Les tribunaux reconnaissent à l’acquéreur d’une propriété a le choix d’exercer son recours contre son propre vendeur et/ou contre un vendeur antérieur[1]. Il s’agit du cas notamment lorsque l’acheteur n’est pas en mesure de prendre un recours contre son propre vendeur parce qu’il est soit introuvable, insolvable ou encore non tenu à l’obligation de garantie. Dans une telle situation par exemple, l’acquéreur peut donc prendre son recours directement contre les vendeurs antérieurs[2] et choisir de ne pas poursuivre celui qui lui a vendu la propriété.

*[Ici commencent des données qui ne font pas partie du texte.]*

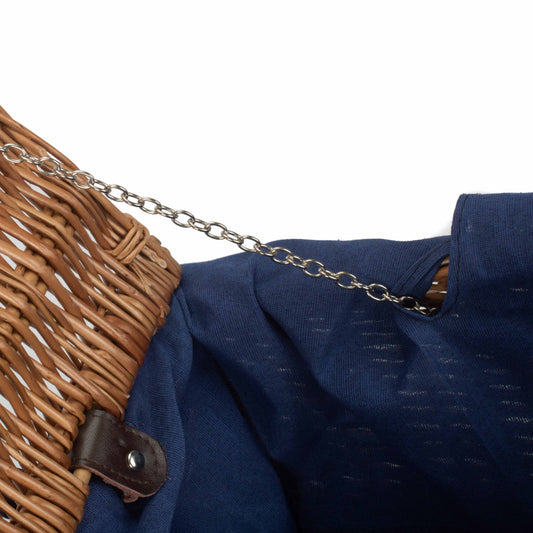 18 Inch Double Steamed Willow Hamper Trunk with Navy Blue Lining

Par contre, l’acquéreur qui choisit d’intenter un recours direct contre un vendeur antérieur doit démontrer que son droit de poursuivre existait pour chacun des acquéreurs subséquents:
Lorsque le sous-acquéreur exerce un recours direct contre un vendeur antérieur, sans mettre en cause ou poursuivre son vendeur ou tout vendeur intermédiaire, il doit démontrer que le droit de poursuivre le vendeur antérieur existait pour chaque acquéreur subséquent de l’immeuble. Le sous-acquéreur doit prouver que la garantie accessoire à l’immeuble ne s’est pas éteinte à travers la chaîne de titres et qu’il est toujours en droit d’en réclamer le bénéfice aujourd’hui[3].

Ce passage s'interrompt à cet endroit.